たとえば年賀状。ちょいと人を驚かせてやろうかと凝ろうとして、一生懸命アイデアを捻ったとしよう。ひと昔前なら「あの写真、どないして撮ってん!?」てな反響を得られたかもしれないネタでも、いまやデジカメが勝手に作ってくれたりする。アナログ時代は手数をかけて苦労して作った分、それにあたいする賞賛やねぎらいの反応が得られたもんだ。だから手間をかけても作ってやろうという気になった。

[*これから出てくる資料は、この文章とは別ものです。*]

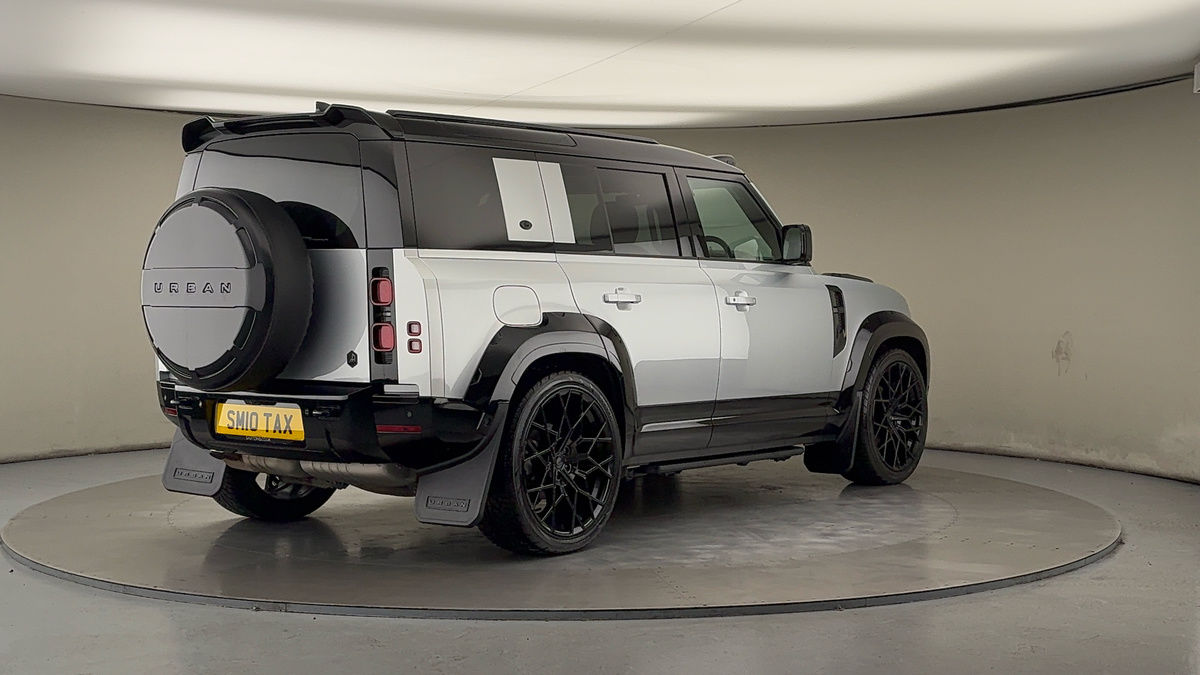 Used Land Rover Defender 110 2023 for sale - 75833405: Photo 46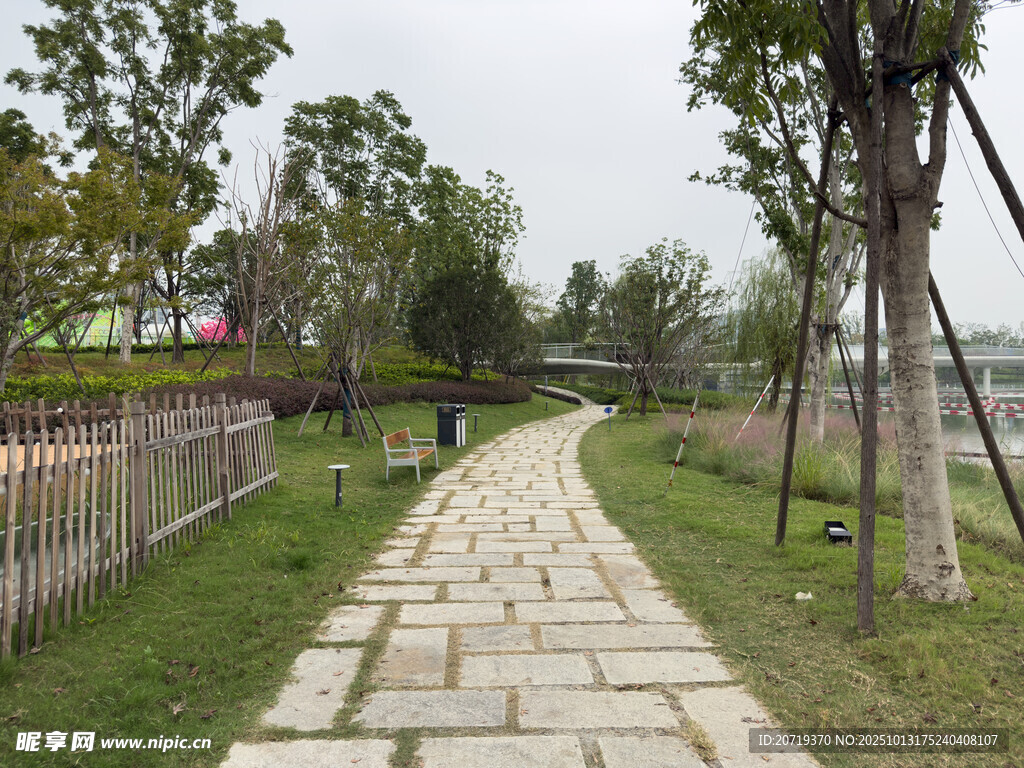 公园石板小径风景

広告がつまらなくなったのも、そうだ。ビジュアルスキャンダルやパロディのグラフィックスは、まずはアイデアありきだが、そこに視覚化するまでの苦労や手間賃が加算されて、感動のボリュームをあげていたんだと思う。ナンデモ簡単に作れてしまうのは便利だけど、得られる効果が薄いことも予想できてしまうから、リキをいれて作ろうとは思わなくなる。これが文化度をさげているんじゃないのか?

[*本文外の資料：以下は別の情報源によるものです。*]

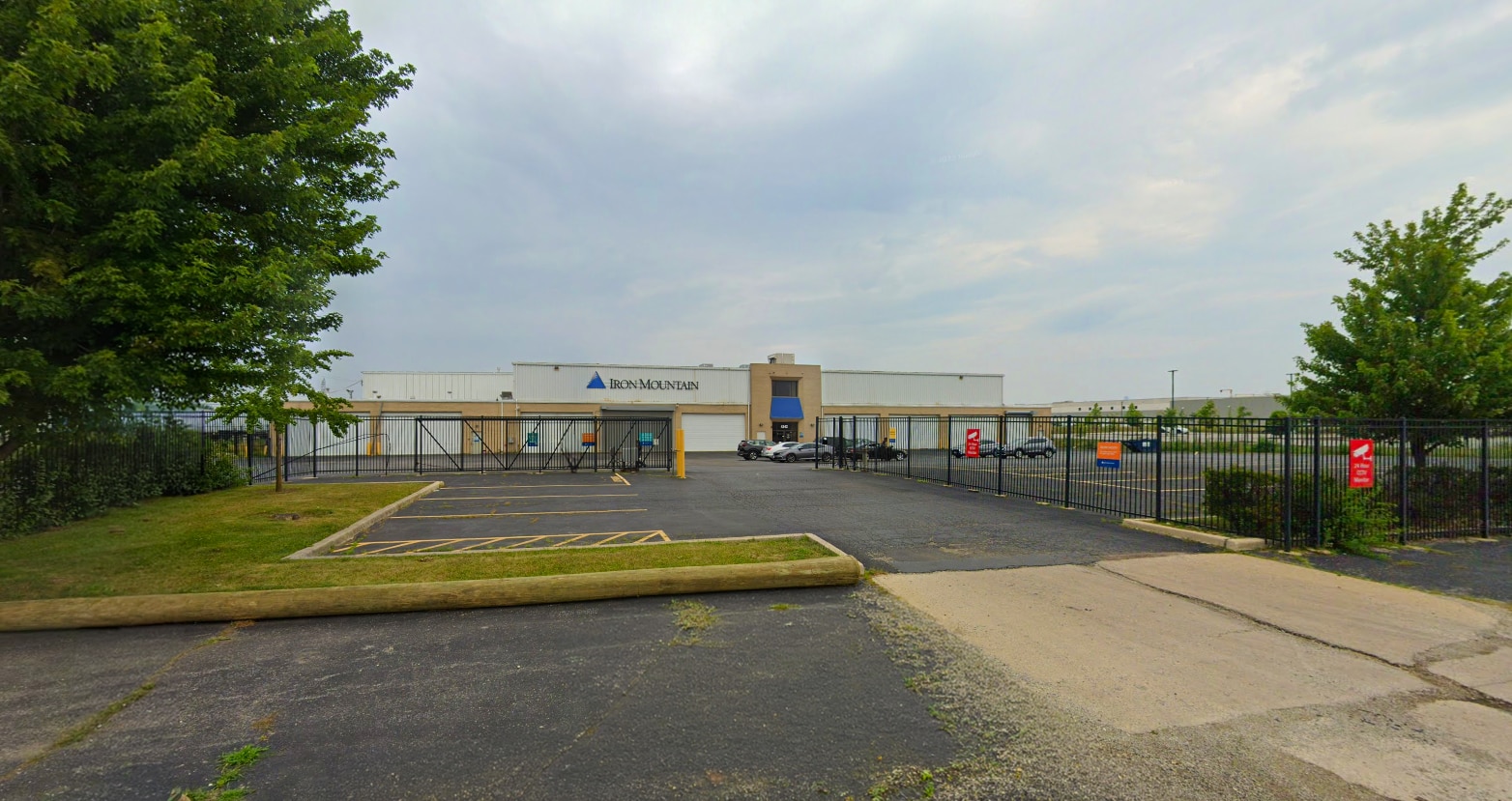 4242 W 42nd Pl, Chicago, IL for Rent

あたしの昭和脳は、手間のかかっていないものは認めないような頑固なところがあって、アイデアだけだせば、あとはカンタンに作れてしまうようなビジュアルには、いまひとつ反応しない。テレビが白黒からカラー化されたときは、それなりの感動があったけど、あれを実現するには相当の手間がかかったことだろうなとガキながら実感できたからだろうと思う。

その点、自然が創りだす地形やイキモノなんてのは、途方もない時間と手間がかかっているから、大きな感動を与えてくれる。中には感動なんて表現をすると不謹慎な映像もあるんだけどね。